Hintergrund: Der Standort schreckt leider viele Investoren ab. Deutsche Unternehmen etwa stellen ihm im Schnitt nur noch die Schulnote vier aus: „ausreichend“. Jede fünfte Firma vergibt ein „Mangelhaft“, fast jede zehnte gar ein „Ungenügend“ – so das ernüchternde Ergebnis einer Ifo-Befragung im Auftrag der Stiftung Familienunternehmen. Jeweils rund drei Viertel der befragten Unternehmen nennen die steuerlichen Bedingungen, Arbeitskosten, fehlende Fachkräfte und teure Energie als Hemmnisse.
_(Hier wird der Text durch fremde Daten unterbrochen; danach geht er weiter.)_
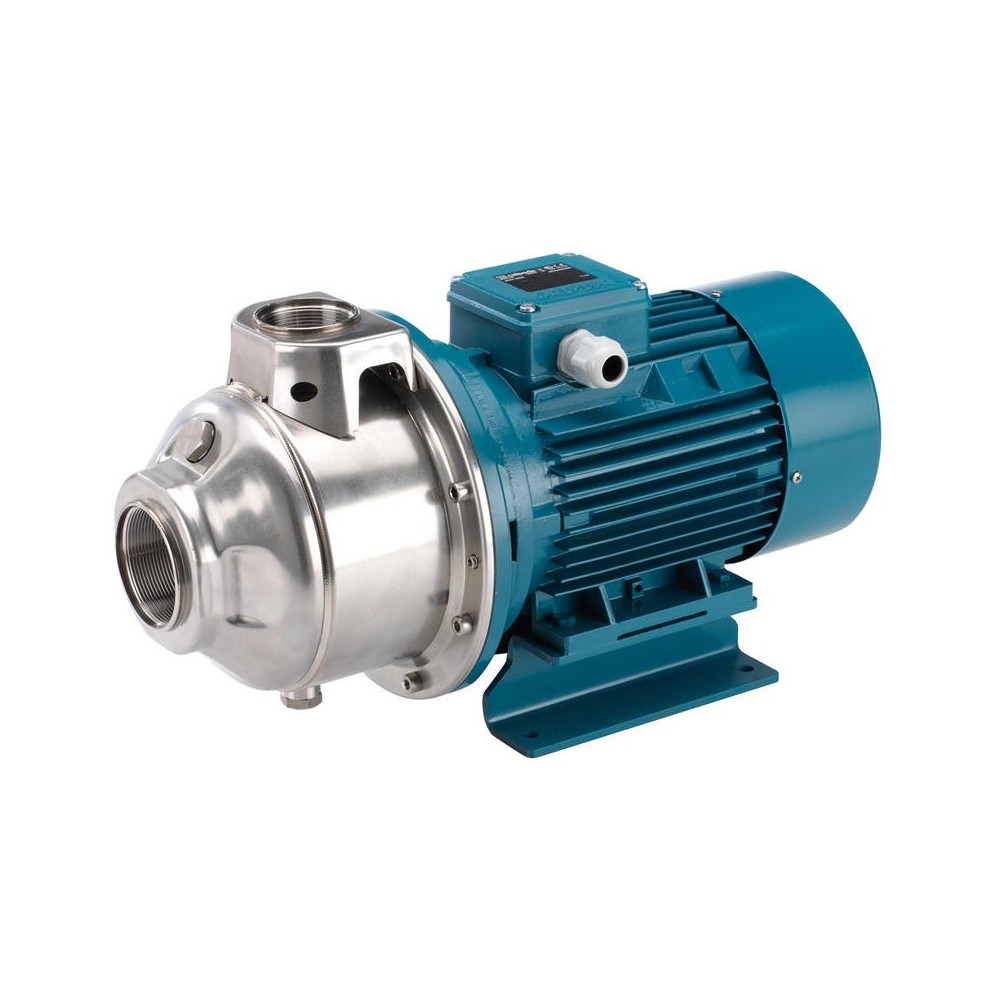 Bomba Multietapas Calpeda MXH 1603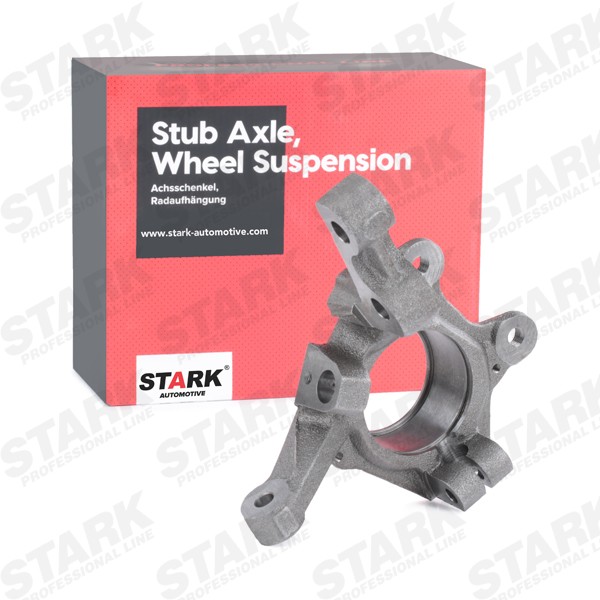 STARK Steering knuckle Article number: SKSAW-2370045 cheaply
Am schlimmsten aber ist die Bürokratie: An der stören sich neun von zehn Firmen! Bedenklich außerdem: Von den Firmen, die aktuell im Ausland investieren wollen, plant mittlerweile jede dritte auch die Verlagerung von Arbeitsplätzen aus Deutschland. Zum Vergleich: Bei einer ähnlichen Ifo-Befragung im Jahr 2017 hatten dies noch 96  Prozent der Unternehmen ausgeschlossen.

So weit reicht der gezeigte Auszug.